What is being asked: Start the copy at the line holding "ETFlibro's tweet photo." and continue it exactly through the last line of the entries, leaving out pictures and anything else.

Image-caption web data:
□ □ □
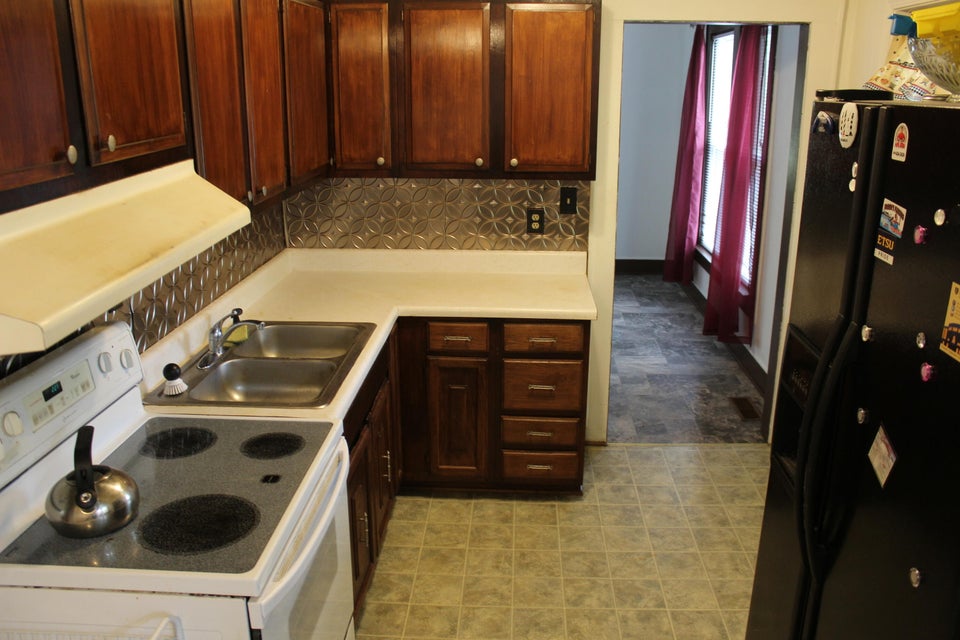 Photo #22: 3510 W. Walnut Street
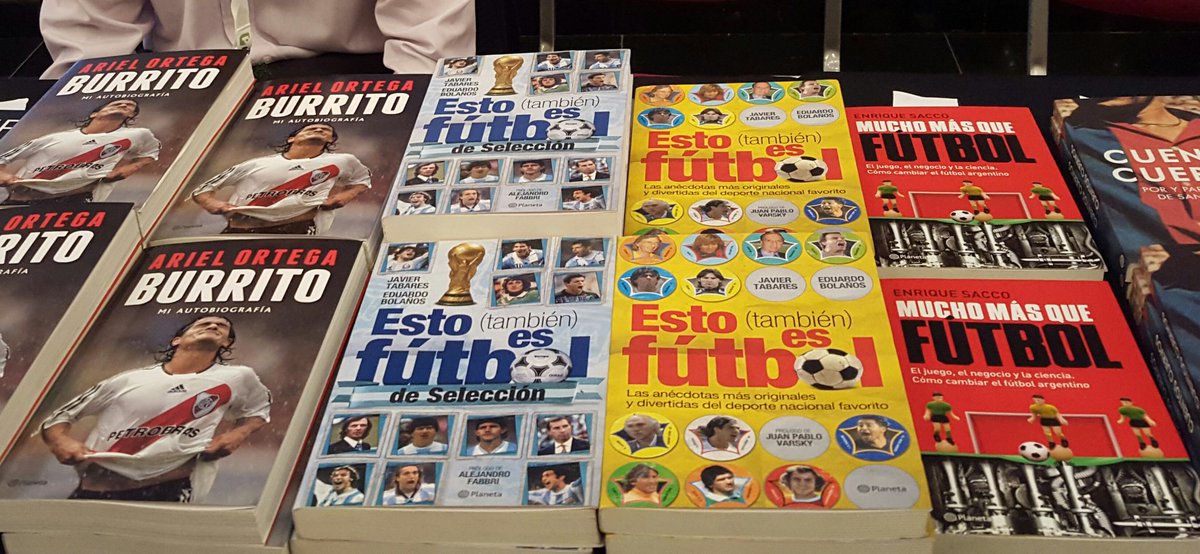 ETFlibro's tweet photo. #Literatura y #Fútbol 
Un gusto estar siempre.
Y que los lectores cuenten sus sensaciones.
@congresodfutbol, stand de @PlanetaLibrosAr https://t.co/gal4nIw1iI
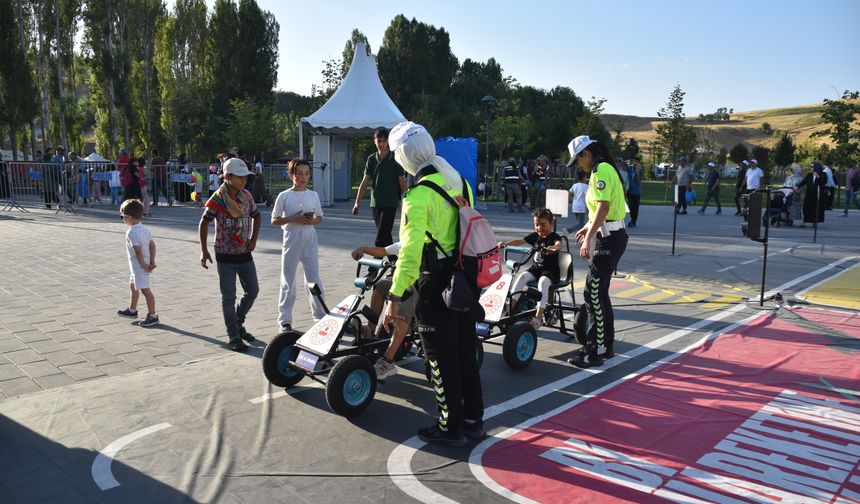 Malazgirt Zaferi kutlamalarına katılan çocuklara trafik eğitimi verildi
□ □ □
Completed exercise:
 ETFlibro's tweet photo. #Literatura y #Fútbol 
Un gusto estar siempre.
Y que los lectores cuenten sus sensaciones.
@congresodfutbol, stand de @PlanetaLibrosAr https://t.co/gal4nIw1iI
 Malazgirt Zaferi kutlamalarına katılan çocuklara trafik eğitimi verildi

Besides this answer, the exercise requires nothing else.